One of the nice stories this spring is that I Never Had It Made, Jackie Robinson's autobiography, is being reissued in May by Ecco, an imprint of HarperCollins. "I've always been moved by Jack's story," says Ecco's editorial director, Daniel Halpern. "An amazing story about a remarkable man. I thought an Ecco edition would allow young athletes and readers who were not athletes but had an interest in American history—black and white—a chance to discover for themselves what the man lived." Ecco will repackage the book, and it will have a "respectful first printing." "We intend to treat this edition as a new publication," says Halpern, "not a reprint. We are planning a lot of radio giveaways, targeting sports radio shows and other sports venues—online promotion and a close working relationship with [Jackie's widow] Rachel Robinson and the Jackie Robinson Foundation."
If it's out-and-out laughs you're looking for, the book for you is A Funny Thing Happened on the Way to Cooperstown by Mickey McDermott with Howard Eisenberg (Triumph, Apr.), one of the flakiest and funniest players of all time. He could throw 100 mph and had some fine years, once winning 18 games for the Boston Red Sox. But booze and the nightlife got to him. McDermott found redemption when he won the Arizona state lottery and stopped drinking. "When you have a chance to publish an autobiography with the tagline, 'A wacky southpaw's wild ride from legend to loser to boozer to lottery millionaire' you don't pass it up," says editorial director Tom Bast.
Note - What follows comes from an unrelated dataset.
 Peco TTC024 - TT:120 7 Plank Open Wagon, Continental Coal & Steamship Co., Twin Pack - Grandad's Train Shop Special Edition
Expect a 20,000-copy first printing with local and national promotion in New York and Boston.
Ain't No Mountain High Enough
Watching or playing baseball, for all its virtues, isn't everyone's idea of sport. For the most adventurous among us, it will come as no surprise that this year marks the 50th anniversary of Sir Edmund Hillary and Tenzing Norgay's conquest of Mount Everest—and publishers know it, too.
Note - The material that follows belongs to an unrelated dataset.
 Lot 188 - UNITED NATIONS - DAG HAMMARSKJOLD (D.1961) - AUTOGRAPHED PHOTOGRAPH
"The first ascent of Everest broke a psychological barrier that allowed people to move on to harder and more dangerous climbs," says Clint Willis, series editor, Adrenaline Books, published by Thunder's Mouth Press. "It's also one of those feats like being first on the moon that is impossible to replicate."
"A first is always important in mountaineering, and reaching the summit of Everest—and descending successfully—was big news in 1953," says Helen Cherullo, publisher of the Mountaineers Books. "It's always going to be a big deal to be the first, and that's what drives a lot of mountaineering/climbing to this day."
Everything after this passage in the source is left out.